Extended Data Fig. 9. S6K1 rescues Il1a expression in double knockout MEFs.

a-b. Immunohistochemistry staining for RELA (a) and the corresponding quantification (b) of livers from Day 4 S6K1 WT (n = 5), KO (n = 8) mice and in Day 7 S6K1 WT (n = 7), KO (n = 6) mice. Scale bar, 100 μm. Data are expressed as mean ± SEM. Statistical significance was calculated using two-way analysis of variance with Tukey’s multiple comparison test. n denotes individual mice. c. Schematic of the rescue experiment performed in S6K1/2 WT or DKO MEFs transduced with the indicated vectors and undergoing replicative senescence. d-e. Representative immunofluorescence (IF) images (left) and quantification (right) of the percentage of cells positive for HA (d) or pS6^S240/S244 (e) in S6K1/2 WT or DKO MEFs infected with the indicated vectors. Scale bar: 100 µm. Data represents mean ± SEM (n = 3 for all groups, except for KR n = 6). V, vector; wt, HA-S6K1 WT; KR, HA-S6K1 K100R. Ordinary one-way ANOVA. (Sidak’s multiple comparisons test). f. mRNA expression levels of Il1a in S6K1/2 WT or DKO MEFs with the indicated vectors undergoing replicative senescence measured by qRT-PCR. Data represents mean ± SEM (n = 4 for all groups, except for KR n = 9). Statistical significance was calculated using one-way ANOVA (Sidak’s multiple comparisons test). n represents biological replicates. Source data

Extended Data Fig. 10. Confirmation of deletion in hepatocyte-specific or myeloid-specific S6K1/S6K2 knockout mice.

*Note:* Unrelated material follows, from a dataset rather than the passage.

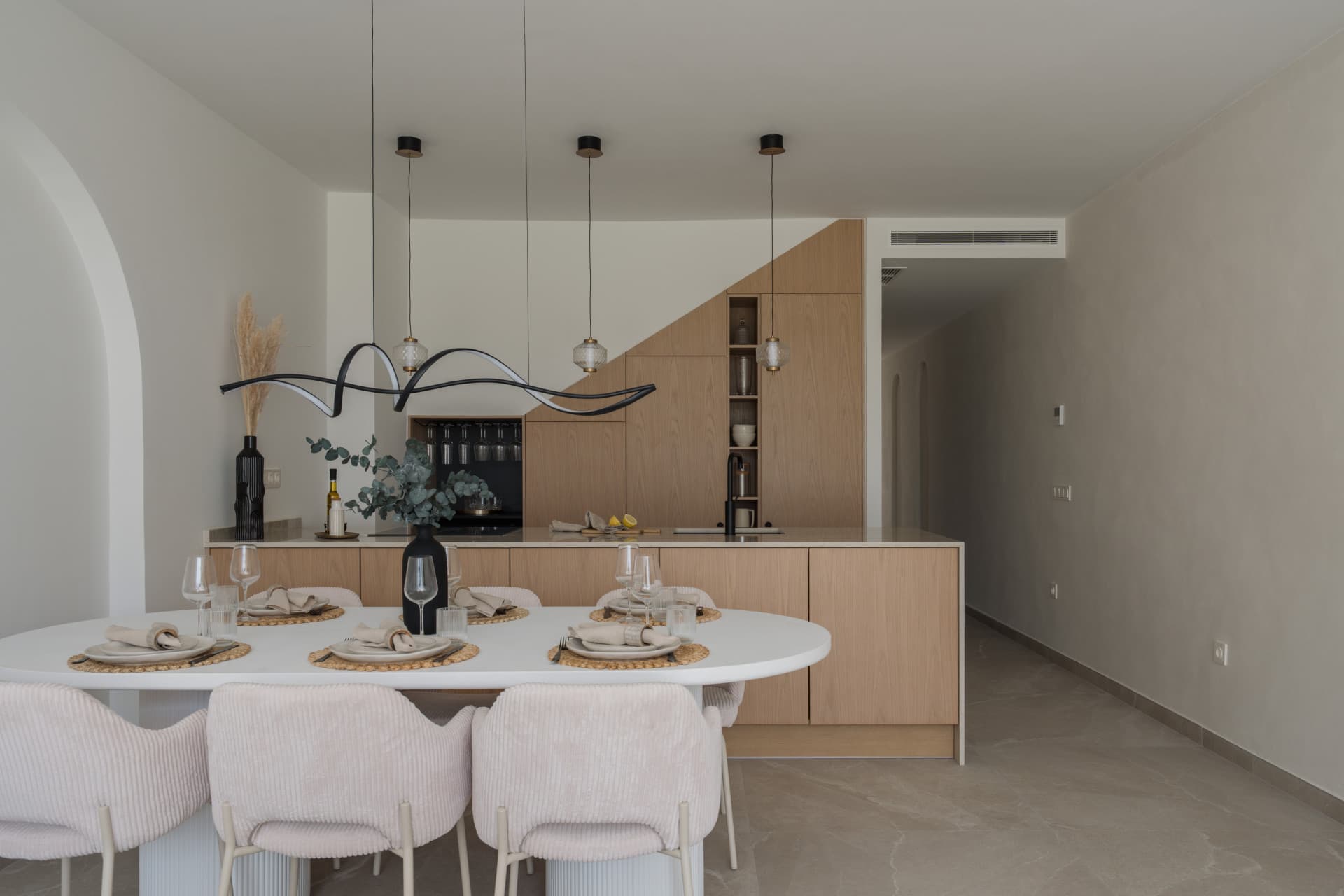 Beautifully refurbished 4 bedroom townhouse in the heart of Nueva Andalucía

Hydrodynamic tail vein injection (HDTVi)-based co-delivery of an Nras^G12V transposon construct and a transposase expressing vector into mouse livers (day 0). Mice were sacrificed 4 or 7 days following HDTVi to assess senescence surveillance. Hepatocyte-specific S6K1/S6K2 (a) or myeloid-specific S6K1/S6K2 (b) KO mice or the floxed controls were used. a. Immunohistochemistry images for pS6^S240/S244 staining in hepatocyte-specific S6K1/S6K2 WT or KO mice. Scale bar: 100 µm. b. Immunofluorescence staining for F4/80 or pS6^S240/S244 staining in myeloid-specific S6K1/S6K2 WT or KO mice. Scale bar: 100 µm. Both (a) and (b) were single experiments with the n numbers indicated in Fig. 8.